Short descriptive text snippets

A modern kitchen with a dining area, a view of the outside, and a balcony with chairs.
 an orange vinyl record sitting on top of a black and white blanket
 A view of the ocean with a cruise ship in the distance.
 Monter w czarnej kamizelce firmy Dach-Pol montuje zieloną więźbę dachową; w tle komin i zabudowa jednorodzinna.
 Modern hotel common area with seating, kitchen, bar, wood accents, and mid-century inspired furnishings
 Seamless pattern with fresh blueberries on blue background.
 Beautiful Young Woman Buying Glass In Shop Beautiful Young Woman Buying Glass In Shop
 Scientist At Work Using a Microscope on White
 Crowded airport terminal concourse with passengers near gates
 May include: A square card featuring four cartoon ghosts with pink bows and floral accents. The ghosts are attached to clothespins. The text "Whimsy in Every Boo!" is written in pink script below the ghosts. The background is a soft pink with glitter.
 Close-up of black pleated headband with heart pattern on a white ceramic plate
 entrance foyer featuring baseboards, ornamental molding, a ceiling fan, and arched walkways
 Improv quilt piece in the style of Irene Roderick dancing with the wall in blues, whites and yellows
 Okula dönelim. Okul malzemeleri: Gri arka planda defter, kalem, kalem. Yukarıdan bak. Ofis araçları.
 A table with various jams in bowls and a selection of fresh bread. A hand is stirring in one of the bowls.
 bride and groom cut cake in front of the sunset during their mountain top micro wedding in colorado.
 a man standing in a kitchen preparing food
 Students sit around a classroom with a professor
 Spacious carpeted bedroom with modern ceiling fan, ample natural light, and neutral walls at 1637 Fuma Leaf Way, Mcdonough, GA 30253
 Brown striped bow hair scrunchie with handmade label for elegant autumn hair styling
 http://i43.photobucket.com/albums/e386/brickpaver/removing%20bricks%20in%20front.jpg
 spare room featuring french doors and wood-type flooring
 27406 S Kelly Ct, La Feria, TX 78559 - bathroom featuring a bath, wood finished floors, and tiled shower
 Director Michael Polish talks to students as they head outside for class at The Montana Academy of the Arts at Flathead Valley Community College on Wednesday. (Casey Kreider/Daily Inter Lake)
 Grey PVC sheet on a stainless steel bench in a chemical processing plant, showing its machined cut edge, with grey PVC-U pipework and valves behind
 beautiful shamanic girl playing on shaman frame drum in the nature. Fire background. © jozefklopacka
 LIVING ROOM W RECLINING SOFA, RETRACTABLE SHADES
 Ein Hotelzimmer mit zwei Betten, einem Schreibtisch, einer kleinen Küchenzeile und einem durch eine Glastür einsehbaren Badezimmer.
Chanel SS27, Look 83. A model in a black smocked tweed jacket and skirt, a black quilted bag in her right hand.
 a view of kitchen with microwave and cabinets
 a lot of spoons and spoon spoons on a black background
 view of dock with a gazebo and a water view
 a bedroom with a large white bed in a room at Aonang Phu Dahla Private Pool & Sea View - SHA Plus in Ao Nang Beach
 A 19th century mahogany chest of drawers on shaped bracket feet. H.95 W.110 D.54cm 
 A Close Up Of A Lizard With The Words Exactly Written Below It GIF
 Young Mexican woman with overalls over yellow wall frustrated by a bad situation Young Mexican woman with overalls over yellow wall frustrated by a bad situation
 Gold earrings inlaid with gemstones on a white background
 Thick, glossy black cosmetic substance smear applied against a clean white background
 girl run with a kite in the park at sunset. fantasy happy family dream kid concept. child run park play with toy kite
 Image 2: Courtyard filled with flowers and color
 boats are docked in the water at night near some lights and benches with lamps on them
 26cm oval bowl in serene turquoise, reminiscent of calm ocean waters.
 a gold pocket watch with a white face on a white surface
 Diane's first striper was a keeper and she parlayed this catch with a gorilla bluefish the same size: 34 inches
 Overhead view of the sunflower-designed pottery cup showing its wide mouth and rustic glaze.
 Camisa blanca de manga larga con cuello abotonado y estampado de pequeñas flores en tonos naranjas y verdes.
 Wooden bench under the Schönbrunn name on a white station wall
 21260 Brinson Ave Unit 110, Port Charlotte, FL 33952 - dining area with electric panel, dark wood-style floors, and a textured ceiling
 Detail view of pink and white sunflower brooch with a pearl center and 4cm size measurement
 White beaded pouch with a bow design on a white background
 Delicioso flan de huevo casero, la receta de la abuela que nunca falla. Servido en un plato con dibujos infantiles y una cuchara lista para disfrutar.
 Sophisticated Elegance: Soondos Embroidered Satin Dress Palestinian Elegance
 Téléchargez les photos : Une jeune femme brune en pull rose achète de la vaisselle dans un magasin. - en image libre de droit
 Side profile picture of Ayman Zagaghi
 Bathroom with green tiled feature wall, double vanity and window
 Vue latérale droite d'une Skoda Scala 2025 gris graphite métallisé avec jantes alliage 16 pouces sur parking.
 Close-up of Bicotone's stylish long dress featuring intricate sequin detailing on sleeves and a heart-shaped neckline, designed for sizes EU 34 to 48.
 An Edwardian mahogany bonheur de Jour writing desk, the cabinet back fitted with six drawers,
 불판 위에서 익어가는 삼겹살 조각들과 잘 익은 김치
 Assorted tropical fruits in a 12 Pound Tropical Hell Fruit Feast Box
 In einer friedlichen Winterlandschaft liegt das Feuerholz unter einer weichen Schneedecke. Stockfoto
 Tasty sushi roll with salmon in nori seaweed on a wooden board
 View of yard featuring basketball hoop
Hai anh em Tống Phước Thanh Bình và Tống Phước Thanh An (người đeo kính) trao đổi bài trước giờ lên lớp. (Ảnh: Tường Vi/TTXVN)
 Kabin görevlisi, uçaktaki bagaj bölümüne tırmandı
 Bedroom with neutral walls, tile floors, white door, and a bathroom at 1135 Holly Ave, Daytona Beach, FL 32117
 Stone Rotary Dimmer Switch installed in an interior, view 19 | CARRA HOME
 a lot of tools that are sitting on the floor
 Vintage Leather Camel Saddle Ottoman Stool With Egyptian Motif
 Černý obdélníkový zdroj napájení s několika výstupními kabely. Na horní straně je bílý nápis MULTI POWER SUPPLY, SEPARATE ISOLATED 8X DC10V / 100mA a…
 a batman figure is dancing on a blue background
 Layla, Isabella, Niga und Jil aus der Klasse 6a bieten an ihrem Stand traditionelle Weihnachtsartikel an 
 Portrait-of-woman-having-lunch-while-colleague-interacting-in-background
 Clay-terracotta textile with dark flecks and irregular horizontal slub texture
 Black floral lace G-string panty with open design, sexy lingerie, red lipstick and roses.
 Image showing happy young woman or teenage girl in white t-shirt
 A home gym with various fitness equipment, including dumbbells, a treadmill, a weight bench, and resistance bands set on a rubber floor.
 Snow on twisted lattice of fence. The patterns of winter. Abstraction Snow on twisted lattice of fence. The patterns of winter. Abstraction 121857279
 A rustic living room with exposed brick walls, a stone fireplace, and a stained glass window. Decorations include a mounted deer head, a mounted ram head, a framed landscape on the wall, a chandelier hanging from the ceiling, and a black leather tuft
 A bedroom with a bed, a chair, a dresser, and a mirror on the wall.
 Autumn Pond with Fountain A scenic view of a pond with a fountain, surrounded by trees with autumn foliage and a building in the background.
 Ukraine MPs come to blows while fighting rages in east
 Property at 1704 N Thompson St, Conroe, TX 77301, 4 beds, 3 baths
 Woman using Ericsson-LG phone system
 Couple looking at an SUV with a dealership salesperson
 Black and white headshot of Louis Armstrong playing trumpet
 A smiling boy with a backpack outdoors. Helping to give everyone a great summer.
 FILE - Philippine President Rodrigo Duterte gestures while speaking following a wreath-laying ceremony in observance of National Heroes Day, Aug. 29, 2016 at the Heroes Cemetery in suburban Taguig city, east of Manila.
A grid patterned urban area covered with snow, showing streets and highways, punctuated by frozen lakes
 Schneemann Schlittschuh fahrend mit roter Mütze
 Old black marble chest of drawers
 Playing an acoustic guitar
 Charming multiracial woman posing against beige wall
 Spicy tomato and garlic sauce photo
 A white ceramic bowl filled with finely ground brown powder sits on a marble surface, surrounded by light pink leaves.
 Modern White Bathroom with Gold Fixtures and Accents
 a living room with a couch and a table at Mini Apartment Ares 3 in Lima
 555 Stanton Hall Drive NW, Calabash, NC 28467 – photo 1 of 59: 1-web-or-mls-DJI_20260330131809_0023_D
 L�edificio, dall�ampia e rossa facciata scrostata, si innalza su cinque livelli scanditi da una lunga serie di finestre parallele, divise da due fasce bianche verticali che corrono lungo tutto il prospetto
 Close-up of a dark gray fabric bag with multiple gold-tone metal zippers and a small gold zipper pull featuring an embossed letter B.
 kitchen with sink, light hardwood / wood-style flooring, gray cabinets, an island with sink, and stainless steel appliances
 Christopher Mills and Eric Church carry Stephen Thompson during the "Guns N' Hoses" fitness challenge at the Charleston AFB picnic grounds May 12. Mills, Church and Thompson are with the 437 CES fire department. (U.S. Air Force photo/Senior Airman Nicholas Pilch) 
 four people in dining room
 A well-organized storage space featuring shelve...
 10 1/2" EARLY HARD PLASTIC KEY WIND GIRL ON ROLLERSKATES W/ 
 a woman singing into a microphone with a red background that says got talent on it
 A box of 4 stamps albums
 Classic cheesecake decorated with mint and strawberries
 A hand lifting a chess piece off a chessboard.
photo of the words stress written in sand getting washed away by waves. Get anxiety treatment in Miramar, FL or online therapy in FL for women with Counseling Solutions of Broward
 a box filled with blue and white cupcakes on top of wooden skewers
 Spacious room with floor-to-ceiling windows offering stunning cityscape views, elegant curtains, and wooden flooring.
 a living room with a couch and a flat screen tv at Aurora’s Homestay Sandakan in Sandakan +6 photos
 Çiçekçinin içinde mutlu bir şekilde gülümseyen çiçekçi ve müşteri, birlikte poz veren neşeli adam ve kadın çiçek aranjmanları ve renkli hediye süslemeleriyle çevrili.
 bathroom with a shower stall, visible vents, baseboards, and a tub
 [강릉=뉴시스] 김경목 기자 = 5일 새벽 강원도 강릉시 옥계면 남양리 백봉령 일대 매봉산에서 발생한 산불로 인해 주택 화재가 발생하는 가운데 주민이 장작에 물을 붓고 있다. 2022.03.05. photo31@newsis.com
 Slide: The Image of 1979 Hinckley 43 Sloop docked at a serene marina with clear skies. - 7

**Work request:** Retype exactly the lines of the data above that fall between the line with "A view of the ocean" and the line with "Monter w czarnej", inclusive, and add nothing.

**Solution to this task:**
 A view of the ocean with a cruise ship in the distance.
 Monter w czarnej kamizelce firmy Dach-Pol montuje zieloną więźbę dachową; w tle komin i zabudowa jednorodzinna.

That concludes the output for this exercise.